It's a good thing for a rider to go out and encourage the brain to move important motor skills back to the quickly accessible storage space. In this case, to go out and re-establish the mind-muscle connections involved in smooth braking. Simply put, to practice in a parking lot or someplace where it's safe to do so. It's important to be smooth when braking. It's also important to be able to stop quickly.

I've talked to many riders who practice quick stops. Once or twice. They get up a little speed, pick a braking marker, then do the squeeze and press thing. Since their skills are a bit rusty to start with, and might not have been at a high level in the first place, the first couple of attempts are pretty rough.

"Oooh, that was scary!"

No more attempts are made. A rider figures that's good enough and they will just deal with it when the time comes. After all, they know the basics of brake application in their heads. For far too many riders, that is the extent of the quick stop practice.

This is what I call Level One. It's a well populated level, unfortunately. These riders might be lucky enough to go a whole riding season and not have a close call. The question always remains, though. What if? Some have to answer that question without quite being prepared. Ouch!


Remember that "mind-muscle" connection that's supposed to go into the front of the file drawer? Guess what? This ain't no magical drawer. If we didn't put it there, we aren't going to find it there. Putting it another way, I had a training sergeant who told me,

"You won't rise to the occasion, you'll default to your level of training."

When we face that "moment" the only thing our brains will be able to pull out of the drawer is what we have put in there. Oh sure, we might think we know how to brake on an intellectual level and we'll think of what we need to do in order to stop quickly and correctly when the time comes.

I've studied what happens to humans under stress. Actually been there several times, too! You know the kind of high adrenaline situations I'm talking about. When every orifice in our body wants to pucker. When we will never fall off the bike because we have the seat's fabric tucked tightly up you know where. I'm here to tell you that there's not much intellectual activity going on. That's why our responses are called "reactions".

Another way to look at it is to say we react with whatever our habit is. Which makes the secret easy to figure out. Make sure the habit there to fall back on is the correct thing. You knew it would come back to this, didn't you? The answer is practice. Lot's of it.

What really needs to happen is repeated quick stops. That one went well? Good. Do it again. And again. And again. The muscle actions involved need to literally become second nature. They should happen without too much thinking about it going on. I'm not going to go into the specific actual application of the brakes. This is more about strategy.

I do want to mention one quick thing, though. If we do slide the rear tire, and avoid falling down or a high side, does the sliding tire matter? Definitely. The net result will be longer stopping distance. It might only make a difference of three, four, or five feet. Take a look at the photo above. Notice how Elvira's sidestand is at the 15 foot mark. Now look at this photo.

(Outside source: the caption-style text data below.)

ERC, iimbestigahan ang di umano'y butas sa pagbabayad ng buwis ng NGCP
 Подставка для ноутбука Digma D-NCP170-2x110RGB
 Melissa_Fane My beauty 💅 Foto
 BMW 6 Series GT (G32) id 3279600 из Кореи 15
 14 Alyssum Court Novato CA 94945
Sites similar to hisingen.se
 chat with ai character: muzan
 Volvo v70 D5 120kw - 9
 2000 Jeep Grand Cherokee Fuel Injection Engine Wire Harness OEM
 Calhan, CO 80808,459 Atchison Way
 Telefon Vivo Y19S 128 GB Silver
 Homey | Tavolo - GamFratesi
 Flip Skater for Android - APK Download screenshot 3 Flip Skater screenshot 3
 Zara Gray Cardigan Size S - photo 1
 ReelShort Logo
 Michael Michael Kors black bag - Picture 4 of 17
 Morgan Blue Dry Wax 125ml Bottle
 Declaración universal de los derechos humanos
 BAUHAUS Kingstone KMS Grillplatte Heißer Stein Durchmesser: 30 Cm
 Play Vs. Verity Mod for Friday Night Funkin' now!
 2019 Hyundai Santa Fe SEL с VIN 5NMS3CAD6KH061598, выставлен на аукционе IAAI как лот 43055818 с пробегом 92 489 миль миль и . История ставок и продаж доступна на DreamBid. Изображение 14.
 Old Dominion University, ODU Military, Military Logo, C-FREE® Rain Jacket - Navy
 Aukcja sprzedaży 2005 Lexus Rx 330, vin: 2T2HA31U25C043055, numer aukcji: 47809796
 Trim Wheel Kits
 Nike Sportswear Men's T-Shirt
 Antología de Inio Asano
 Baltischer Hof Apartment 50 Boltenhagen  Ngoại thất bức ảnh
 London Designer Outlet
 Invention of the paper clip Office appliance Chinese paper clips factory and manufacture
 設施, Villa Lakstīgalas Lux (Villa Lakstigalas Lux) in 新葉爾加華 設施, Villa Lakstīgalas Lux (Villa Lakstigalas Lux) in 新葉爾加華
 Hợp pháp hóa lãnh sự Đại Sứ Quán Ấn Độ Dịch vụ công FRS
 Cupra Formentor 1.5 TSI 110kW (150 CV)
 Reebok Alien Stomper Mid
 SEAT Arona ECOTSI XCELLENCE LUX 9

Look where the leading edge of Elvira's front tire is. It's at the 19 foot mark, just four feet farther forward. Just four feet? No big deal? What if the car's bumper were at the 15 foot mark? Where would that put the front wheel of our bike? On a small car that puts it somewhere in the back seat. Yes, every foot counts. Which is why repeated practice and developing the proper mind-muscle connection is so critical.

The good news is that a lot of riders come to our more advanced classes to practice these kind of skills. At the least, they do it on their own. That's wonderful. That's highly commendable. However, it's still only

Level Two.

The next level adds another component to the physical skills. Our definition of an expert rider is

"A rider who uses excellent judgement to avoid using expert skills."

Expert skills are wonderful and, in fact, necessary. By themselves, however, expert skills aren't really enough to keep riders out of trouble. The really great news is that developing these mental skills is more a matter of effort than the passage of time. Many riders go year after year and don't pick up the proper mental skills. A motorcyclist with a short riding season can still work on and develop great mental skills. The key is to carry them over year to year and build on them as we get more saddle time.

Riders who I would call truly experienced and successful have great mental skills. This is how they reach the highest level.

Level Three.

Here is where the skill of getting critical information early does so much to help a rider take care of themself on the streets. I plan to write much more about this skill in coming posts but this one is getting long already. So let's look at it specifically in the context of our opening scenario.

I stated that a rider should be able to stop a motorcycle in no more than 79 feet at 40 mph on a non-abs bike. So let's say that we're 80 feet from the car that pulled out in front of us. Due to our repeated practice we can stop the bike quickly and safely in 75 feet. Score? Not quite.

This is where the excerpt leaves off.